Terumo BCT, which has its headquarters in Lakewood, Colorado, is a member of the Terumo Group family of companies owned by the Japanese-based Terumo Corporation. The business is to receive more than £2m of support from Invest NI's jobs fund to create the new positions and £500,000 of R&D support from the agency.

The announcement of new jobs is a shot in the arm for the Larne area, which has suffered in recent times following severe job cuts made by large employers in the town, including Caterpillar.

Making the announcement, First Minister Peter Robinson said the 400 new jobs at Terumo would deliver over £6m in salaries each year.

Troy Deppey of Terumo BCT Inc said: "The capability of the Larne facility is renowned throughout the company and our global markets so I am delighted that, with Invest NI's support, we can grow this facility and really cement our presence here. Global demand for our products is increasing and the R&D activities in particular will enable us to tap into the skills and research base in order to develop new products and processes that will increase competitiveness and maintain our reputation for quality excellence."

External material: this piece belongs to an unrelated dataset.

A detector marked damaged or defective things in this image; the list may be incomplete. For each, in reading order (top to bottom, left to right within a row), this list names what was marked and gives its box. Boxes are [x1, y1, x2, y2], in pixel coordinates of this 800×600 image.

Enterprise Minister Arlene Foster added: "The Executive is committed to stimulating growth and creating jobs in order to build a positive future for Northern Ireland. Today's announcement will help us to achieve that objective. Terumo BCT is a pioneer in the development of blood processing technologies so the new jobs and R&D commitment will reinforce the strength and capability of our life sciences and healthcare sector globally."

The good news was flagged on Tuesday when Japan's prime minister Shinzo Abe spoke at an event in Titanic Belfast for the local leaders of Japanese-owned firms.

Corporations from Japan employ more than 2,000 people in the region and Mr Abe asked Stormont to "continuously offer support" to those companies.

First Minister Peter Robinson said he had accepted an invitation to visit Japan later this year to encourage further trade and investment links.